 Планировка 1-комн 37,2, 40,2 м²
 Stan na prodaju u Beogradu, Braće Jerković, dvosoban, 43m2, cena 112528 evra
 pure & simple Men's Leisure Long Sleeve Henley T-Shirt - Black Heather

==========

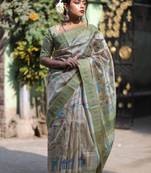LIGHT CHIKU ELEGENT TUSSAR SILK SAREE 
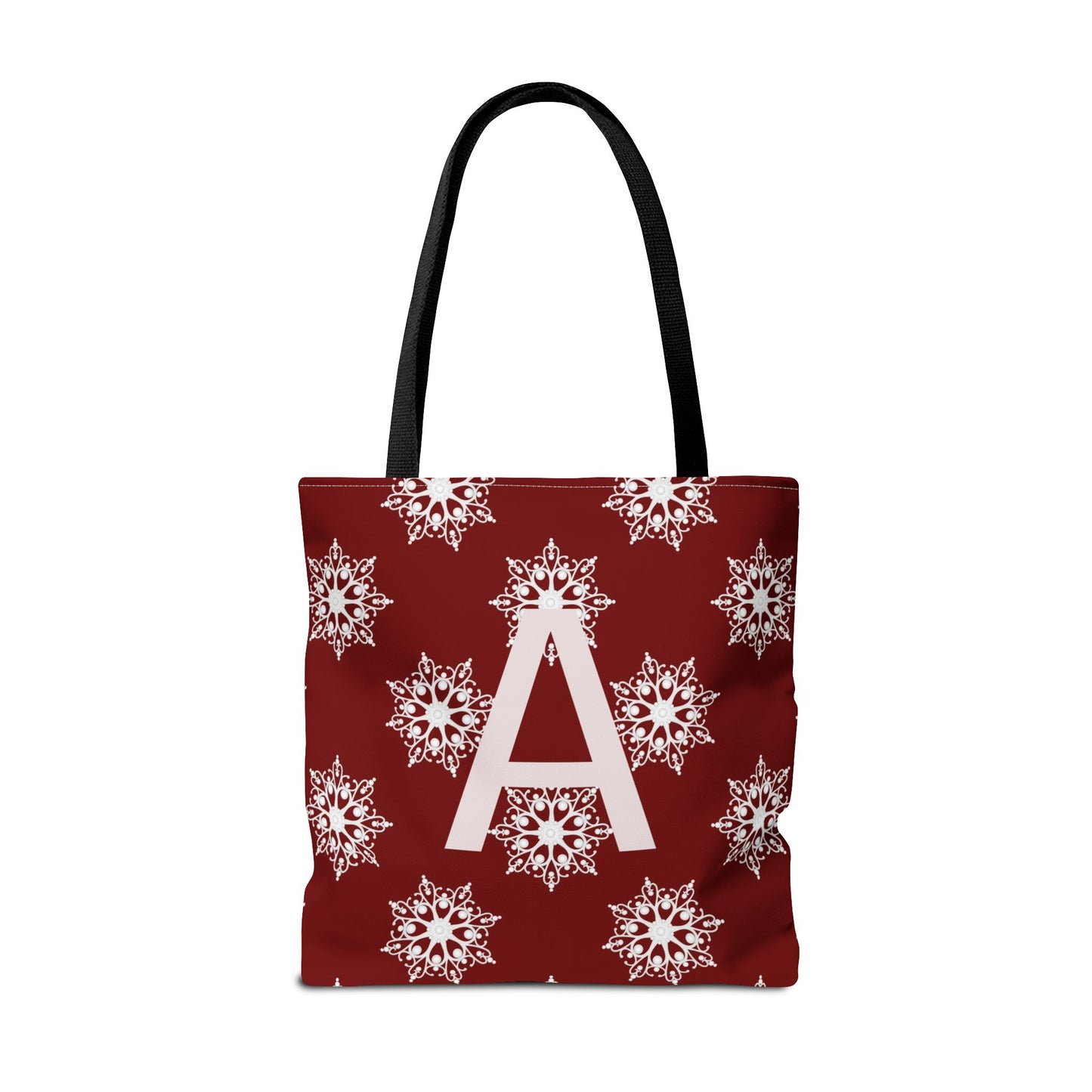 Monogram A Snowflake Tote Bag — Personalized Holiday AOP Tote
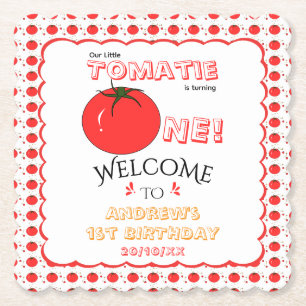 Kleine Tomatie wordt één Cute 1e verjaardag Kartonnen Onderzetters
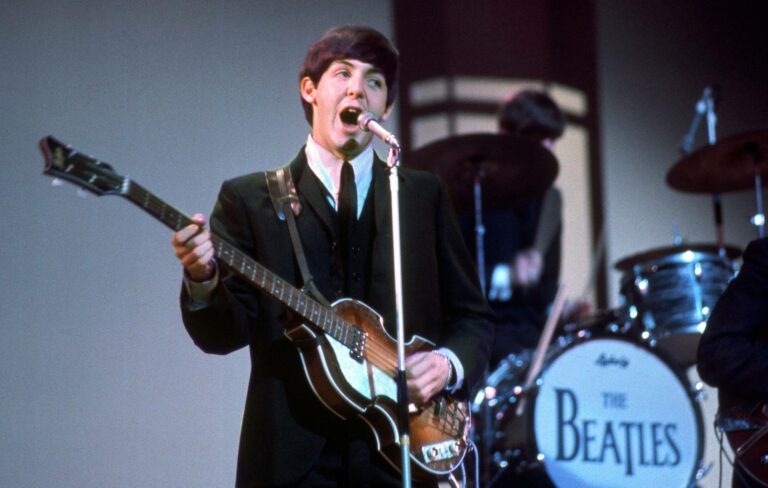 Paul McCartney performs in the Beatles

==========

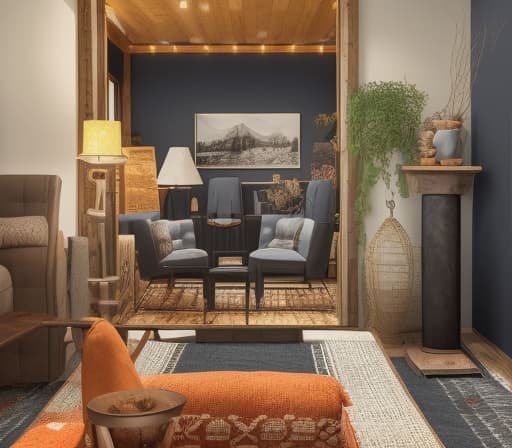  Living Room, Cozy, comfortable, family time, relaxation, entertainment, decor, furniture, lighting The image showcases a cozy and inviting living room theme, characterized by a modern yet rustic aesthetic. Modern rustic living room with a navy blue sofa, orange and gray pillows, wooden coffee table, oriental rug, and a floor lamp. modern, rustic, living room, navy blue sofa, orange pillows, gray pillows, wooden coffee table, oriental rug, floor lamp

==========

• Task goal: The range runs from the line with "Stan na prodaju" up to and including the line with "pure & simple" in the listing above; please write out exactly those lines and nothing more.

• Final answer:
 Stan na prodaju u Beogradu, Braće Jerković, dvosoban, 43m2, cena 112528 evra
 pure & simple Men's Leisure Long Sleeve Henley T-Shirt - Black Heather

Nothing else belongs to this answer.